• Problem to solve
When you return the data, keep every line exactly as it is and leave out the pictures.

[Material provided Boundary: Start]

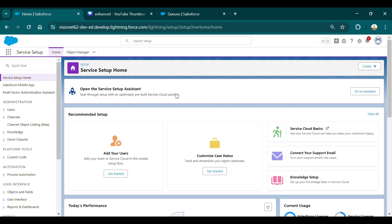Hello and welcome to my channel. Today we're going to learn about how we can create an enhanced chatbot in Salesforce. Salesforce has two types of chatbot: standard and enhanced. The standard bot doesn't have the enhanced functionality, and Salesforce is going to remove the standard chatbot shortly. So let's see how we're going to create the enhanced chatbot in Salesforce.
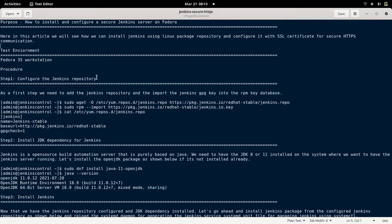I'm working on a Fedora 35 workstation. We'll see how we can install Jenkins and secure it using SSL certificates that we will generate here. As a first step, we need to make sure the Jenkins RPM repository is configured on our system.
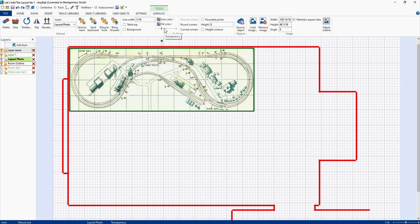Okay, that's it for this one. In the next video we'll start adding track to the Red Rock Northern track plan. Hope to see you then.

[Material provided Boundary: End]

• Answer to this problem
Hello and welcome to my channel. Today we're going to learn about how we can create an enhanced chatbot in Salesforce. Salesforce has two types of chatbot: standard and enhanced. The standard bot doesn't have the enhanced functionality, and Salesforce is going to remove the standard chatbot shortly. So let's see how we're going to create the enhanced chatbot in Salesforce.
I'm working on a Fedora 35 workstation. We'll see how we can install Jenkins and secure it using SSL certificates that we will generate here. As a first step, we need to make sure the Jenkins RPM repository is configured on our system.
Okay, that's it for this one. In the next video we'll start adding track to the Red Rock Northern track plan. Hope to see you then.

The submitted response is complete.